Mob Piru
- Todd "Big Rock" Chism (far left; deceased), Suge Knight, Alton "Buntry" McDonald (middle, in fedora; deceased), Roger Sinclair "Neckbone" Williams (far right), and Trevon Lane (bottom). All were members or affiliates of the Mob Piru Bloods.
- Territory: East Compton
- Ethnicity: Primarily African American
- Activities: Drug trafficking Robbery Arms trafficking
- Allies: Elm Street Piru
- Rivals: South Side Compton Crips Santana Blocc Compton Crips Lueders Park Piru Cross Atlantic Piru Compton Varrio Tortilla Flats

= Mob Piru =

American gang

The Mob Piru (also known as MOB Piru, East Side Mob Piru, Insane Mob Gang or Mob Piru Bloods) is a street gang and set of the Piru gang alliance, which is itself part of the larger Bloods alliance. The gang was affiliated with the West Coast hip-hop label Death Row Records. The label's co-founder and former CEO, Suge Knight, is affiliated with the Mob Piru Bloods and employed Mob Piru gang members as label security.

== History ==

=== Founding of the Bloods ===
In 1969, a gang called the Piru Street Boys was founded by Sylvester Scott and Vincent Owens. According to some sources, the Piru Street Boys were initially associated with the Crips, but later had a falling out. However, other sources dispute any alliance, claiming that the Piru Street Boys were victimized by the Crips. Nevertheless, by 1972, the Piru Street Boys formed an alliance with other smaller street gangs such as the Brims, Bishops and Denver Lanes, which also opposed the Crips. This alliance became known as the Bloods, as the members of this alliance called each other "blood".

Over time, more Blood "sets" would form, including the Mob Piru Bloods. According to Reggie Wright Jr., former head of security of Death Row Records, the Mob Piru and Lueders Park Piru were previously one gang, until they split apart.

===Death Row Records ===

Suge Knight, who would co-found Death Row Records, became affiliated with the Mob Piru set at some point and hired many Mob Piru members in Death Row Records.

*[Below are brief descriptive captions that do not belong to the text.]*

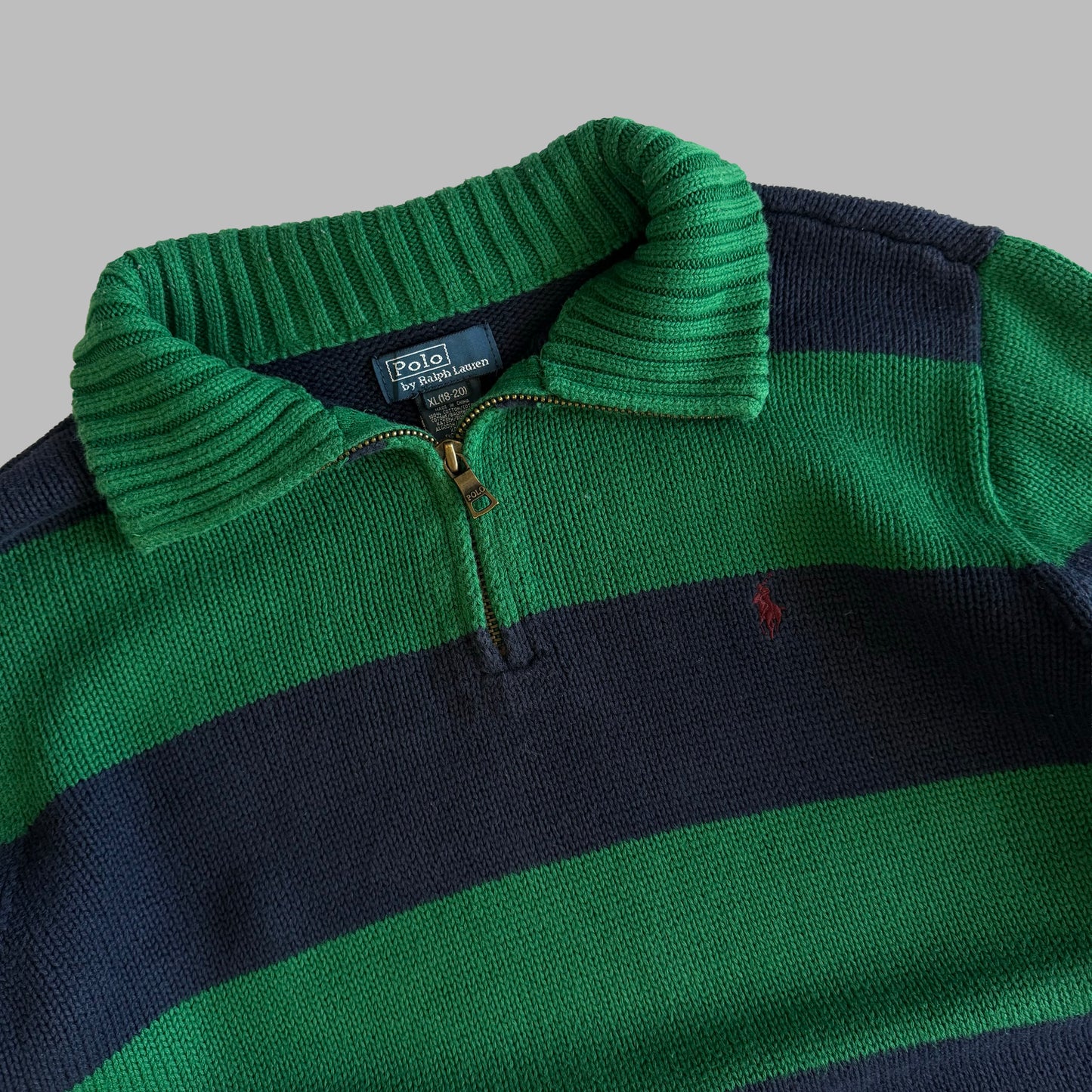90s Polo Ralph Lauren Striped Quarter Zip - S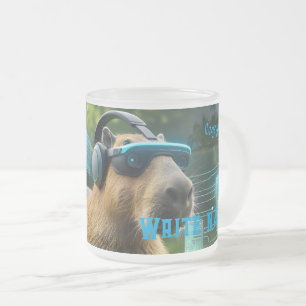 Cyberpunk Capybara VR-bril Sciencefiction koffiemo Matglas Koffiemok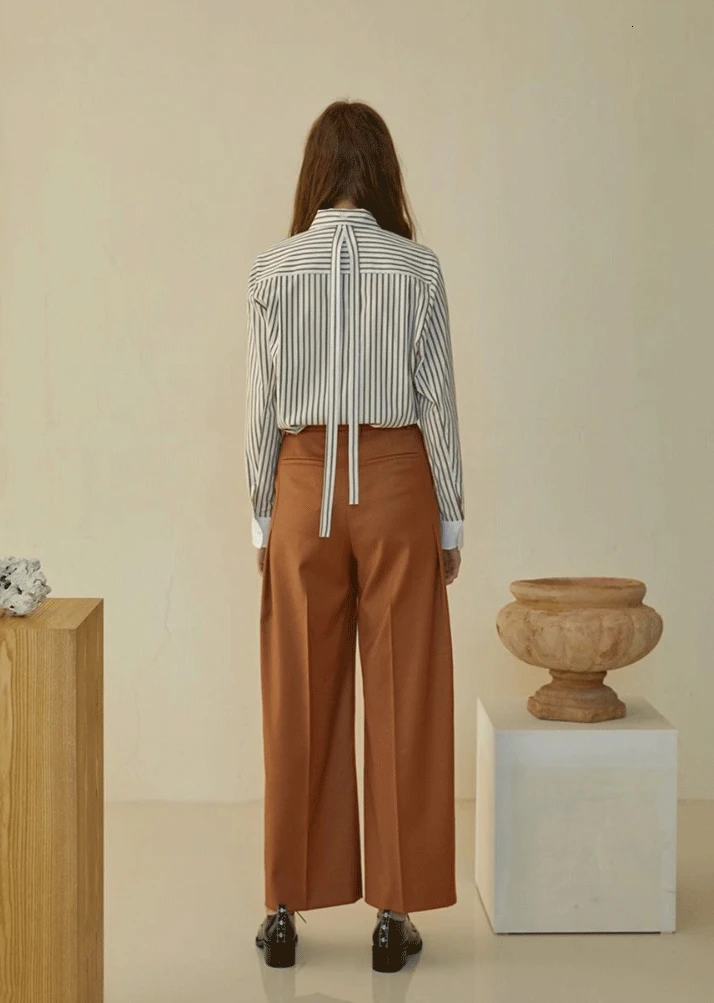 HDY Haoduoyi Femme осенние Простые Модные Стильные повседневные штаны элегантные OL с высокой талией широкие ноги выделяют тонкие коричневые брюки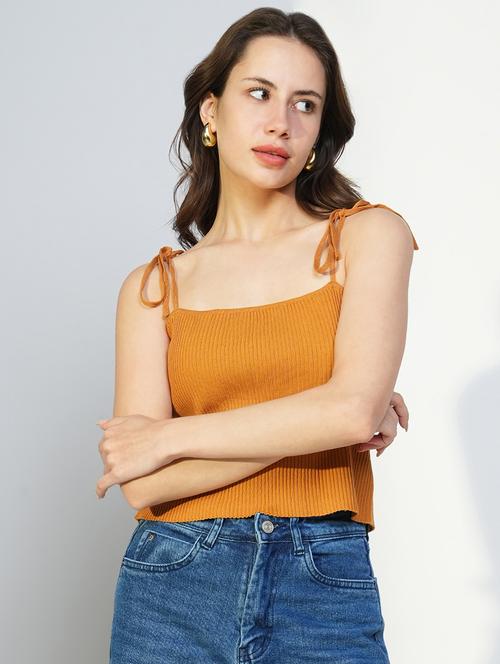 women solid shoulder strap neck top - 21643491 - Very Small Image - 1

When Tupac Shakur joined Death Row Records in 1995, he also became affiliated with the Mob Piru. Other notable Mob Pirus who were associated with Death Row Records include:

- Roger Sinclair "Neckbone" Williams, one of Suge Knights Mob Piru Enforcers and close friend of Alton, "Buntry" MacDonald, Aaron "Heron" Palmer and Trevon "Tre" Lane. He also has a daughter with former Death Row artist the Lady of Rage.

- James "MOB James" McDonald, one of Suge Knights enforcers and the brother of Alton "Buntry" McDonald. Operated the Let Me Ride Hydraulic Shop that Suge Knight owned and left after Suge Knight went to jail in 1997. He now does interviews and podcasts about Death Row and his upbringing.
- Jake "Big Jake" Robles, Suge Knight's bodyguard and friend who was shot dead in an Atlanta nightclub on September 23, 1995, by a Bad Boy Records affiliate while attending a Jermaine Dupri birthday event.
- Trevon "Tre" Lane, who was attacked at Lakewood Shopping Mall by a group of Crips, including Orlando Anderson. Several weeks later, on September 7, 1996, Trevon, and several Death Row members including Suge and Tupac beat Anderson at the MGM Grand. Several hours after this beating, Tupac was shot and died six days later.
- Aaron "Heron" Palmer, Suge Knight's bodyguard and friend, who was shot and killed in Compton on June 1, 1997.
- Alton "Buntry" McDonald, who was close friends with Suge Knight. McDonald was shot dead on April 3, 2002.
- Henry "Hendog" Smith, who designed the logo for Death Row Records. Smith was shot dead on October 16, 2002.
- Wardell "Poochie" Fouse, who was implicated in the murder of The Notorious B.I.G. Fouse was shot dead on July 24, 2003.

=== Feud with Lueders Park Piru ===
Although the two gangs were allies, a rivalry developed after a Lueders Park Piru member was murdered in April 2009, leading to a series of shootings between 2009 and 2013. The two gangs attempted to end their rivalry, but were unsuccessful.

== Criminal activities ==
The Mob Piru engage in drug trafficking, arms dealing and robbery. Suge Knight is alleged to have provided the Mob Piru with large quantities of assault rifles.

== Depictions in media ==

- Straight Outta Compton (2015) portrays Suge Knight and other Mob Piru members as personnel of Death Row Records.
- In the film All Eyez on Me (2017), Trevon Lane says "Piru, you already know what time it is", to Suge Knight and Tupac Shakur, after spotting Orlando Anderson in the MGM Grand.
- In Unsolved (2018), several Mob Piru members including Trevon Lane, Wardell Fouse and Alton McDonald are portrayed.